Alla fine per cercare, proprio lei, un'alternativa all'attività di pittore e dare così uno scossone a un rapporto di coppia che stava intorpidendosi, combina un pasticciaccio brutto mettendo il marito in una situazione indifendibile.
Lui va in galera per un anno e mezzo, e lì incomincia la fine imprevedibile della loro storia.

Che Christine mi sia subito piaciuta lo indica anche la scelta del nome: mia nipote si chiama Cristina, un'altra nipote acquisita pure.
Christine si chiamava la prima ragazza che ho conosciuto arrivando a Francoforte: era la figlia del proprietario dell'officina automobilistica, con annesso distributore di benzina, dove io ho lavorato per quasi un anno, il mio primo lavoro in Germany; insomma era la mia "sceffina", come dicono tutti gli italiani che lavorano qui alludendo alla moglie o alla figlia del principale, dello Chef.
Mi ha aiutato a trovare un alloggio, mi ha preparato tutti i documenti che mi occorrevano, ha fatto da garante per l'acquisto della mia prima macchina, un VW maggiolino color crema; mi ha insegnato i rudimenti della sua lingua e mi ha convinto a frequentare una scuola per impararla a dovere. Non siamo mai stati a letto insieme, né abbiamo flirtato mai. È stata una vera amica. Era alta quanto me e assai ben fatta; portava spesso i capelli, che aveva lunghissimi e scuri, raccolti in una crocchia nella parte sinistra della testa, una cosa buffa, ma a lei stavano bene.
La mia Christine, quella del romanzo, fisicamente l'ho copiata da lei di sana pianta. Il carattere mi è venuto fuori dalla penna paginetta dopo paginetta, e mi è piaciuto assai.
Credo di avere creato un personaggio positivo nel bene e nel male, che i lettori, maschi e femmine, per motivi contrapposti possano apprezzare. Non cambierei una virgola di quello che ho scritto su di lei, di ciò che le ho fatto fare, di quel che le ho fatto dire. Christine mi piace anche quando sbaglia, anche quando fa fesserie, e ne fa un paio.

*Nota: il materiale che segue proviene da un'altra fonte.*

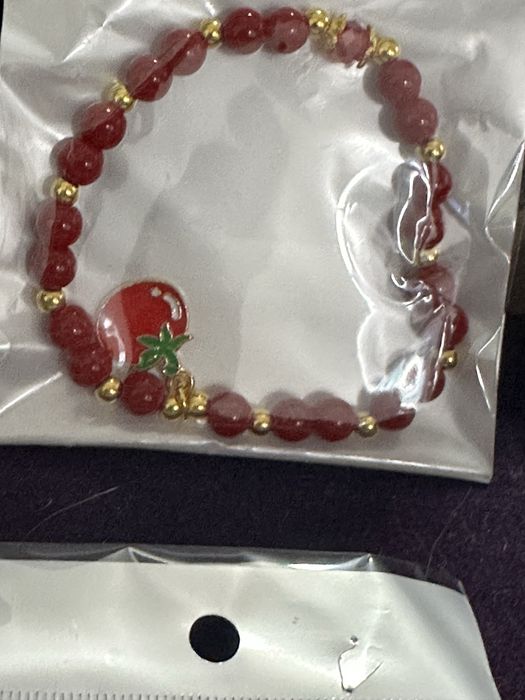 Diversas pulseiras novas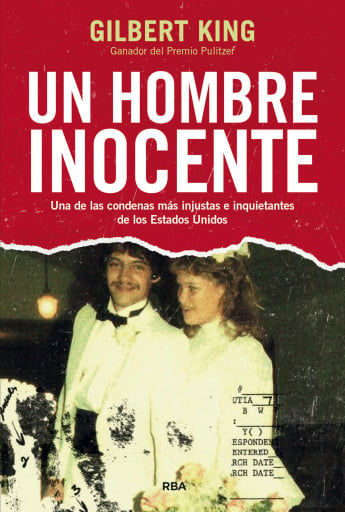 Un hombre inocente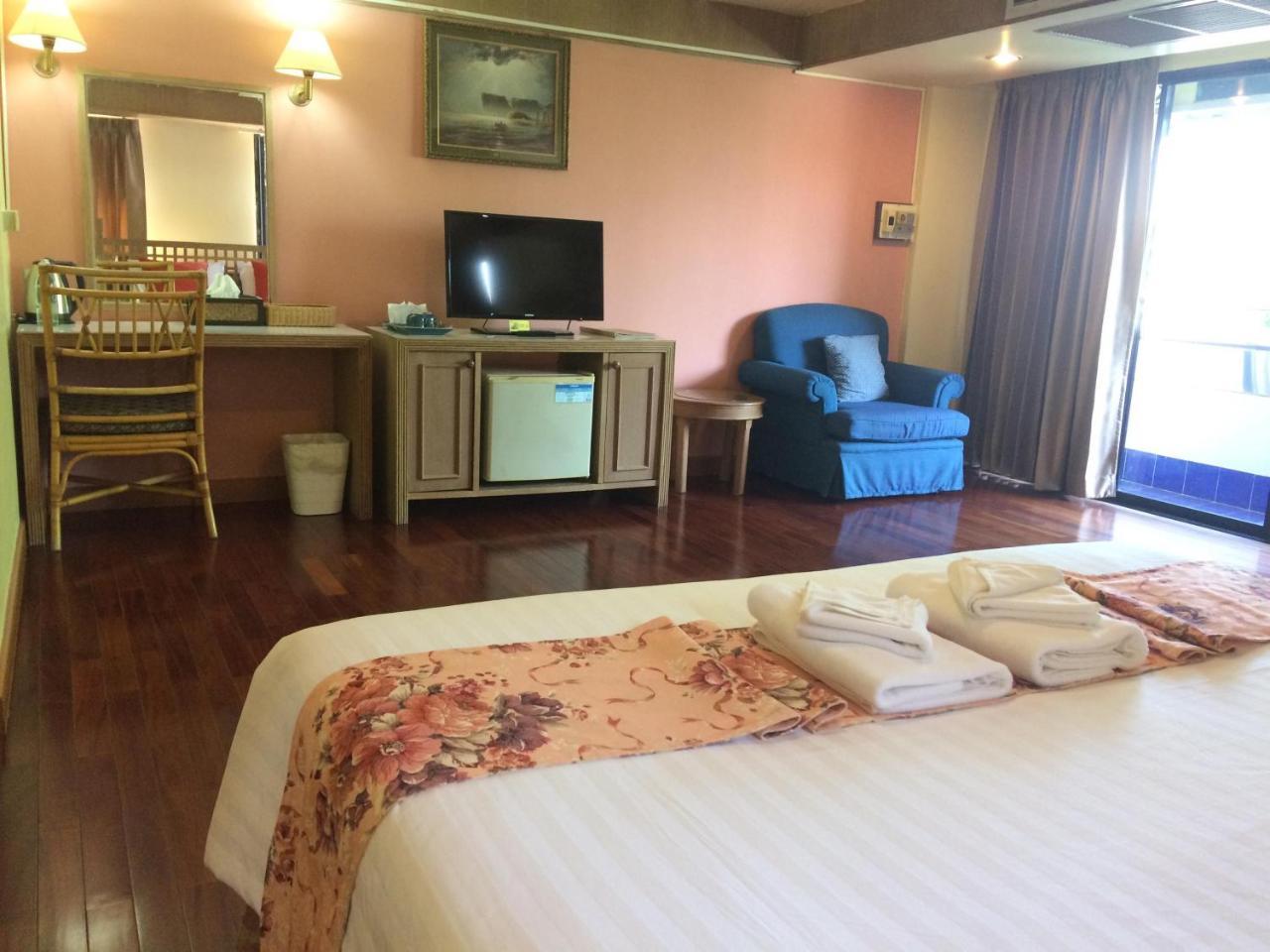 Hotel Pin Hotel
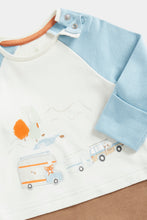 Load image into Gallery viewer, Mothercare Are We There Yet All-in-One
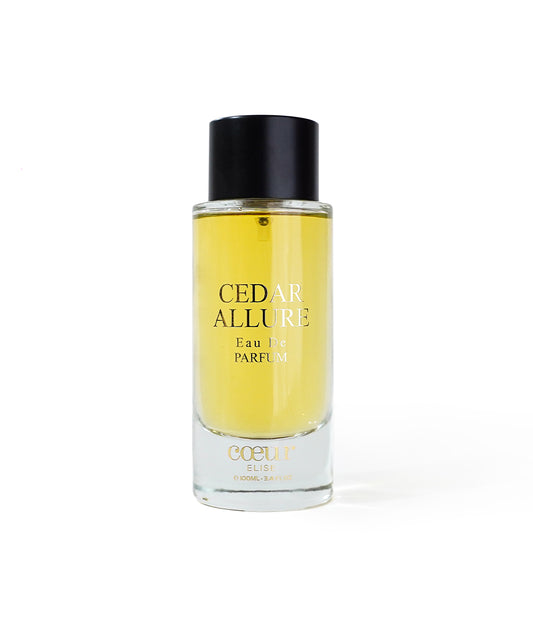 Cedar Allure By Coeur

Anche lei doveva morire, come Marò, perché il mio libro potesse esistere così come è.
La verità è che il protagonista e narratore in prima persona della storia ed il suo amico Terenzio Mauteri erano nei miei intenti iniziali l'uno l'alter ego dell'altro, per cui le loro storie dovevano avere una sorta di parallelismo, almeno nel dolore e nella sfortuna.
Questo era nelle mie intenzioni, ma poi mi sono lasciato trascinare dal mio stesso entusiasmo e dalle mie emozioni entrando calzato e vestito dentro la mia storia, e non mi sono più curato di certi parallelismi. Per fortuna, perché odio i romanzi a tesi. Non avevo niente da dimostrare: è la vita nella sua crudezza ad esporre i suoi teoremi e a dimostrarli.
Così è e così deve essere.

giovedì 9 luglio 2009

Figure femminili di "Martedì"

Stanno arrivando a me e a Baku Editore mail di lettori e di lettrici, che chiedono chiarimenti su alcune figure femminili del romanzo. Ce ne sono alcuni assai importanti: Ima, la madre del protagonista e Christine, sua moglie. Altri meno importanti: "La signorina bella e carina"; la cugina Adriana; Angela, una sua collega-amante; Billa Zandicò, una slava mezzo zingara e mezzo matta.
Escludendo naturalmente Marò, perché ne ho già parlato.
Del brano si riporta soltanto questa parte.